LATEST WRITINGS FROM PASTOR PHILIP HOPPE

Posted inTheology and Practice

Lutherans and those other Christians

A new edition has brought Walther’s Theses on Law and Gospel back onto the front burner of Lutheran discussion.  One of the theses states essentially that it is wrong to deny that members of church bodies other than our own may be true members of the kingdom, since no association of men can save, but only that one which Christ gives through Holy Baptism.

When I was in seminary, Dr. Robert Kolb, described how Lutherans thought about other Christians in a metaphor that has always stuck with me as simple and helpful.  The metaphor is certainly not his own, but the way he he applied it was helpful.  The metaphor is scriptural: the church as a body.  But for the sake of this teaching, he treated each church group as its own body.

Dr. Kolb said that any time we see a beating heart in a church body we rejoice and acknowledge the life of Christ therein.  In other words, wherever it is believed that Jesus is the only way to salvation and that his work is the only work meritorious unto our eternal good, we rejoice in the work of the Spirit to create such faith through his word, and where administered, his sacraments.

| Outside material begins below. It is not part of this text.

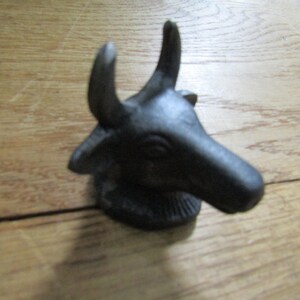 May include: A dark grey, cast metal figurine shaped like a bull head with two prominent, upward-curving horns, pointed ears, and a textured base. The object features a matte finish and a detailed, sculpted snout and eye area, presented in a profile view.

But at the same time, if an arm is hanging by a thread or a great abscess is noticed, we cannot simply say, “Well, the heart is beating, who cares about anything else.”  We realize that any ailment, can ultimately lead to death.  And this is why we seek to dialogue with other Christians is regards to errors we see in their midst.  While the beating heart is the sign of life, it is not necessarily the sign of health.  And so we rejoice to have brothers and sisters in other churches, yet we do seek to correct ailments we see.  We hope they will do the same for us if they believe us to not be well in regards to doctrine or related practice.

No doctor stops his examination once he has discovered a beating heart.   Neither should we.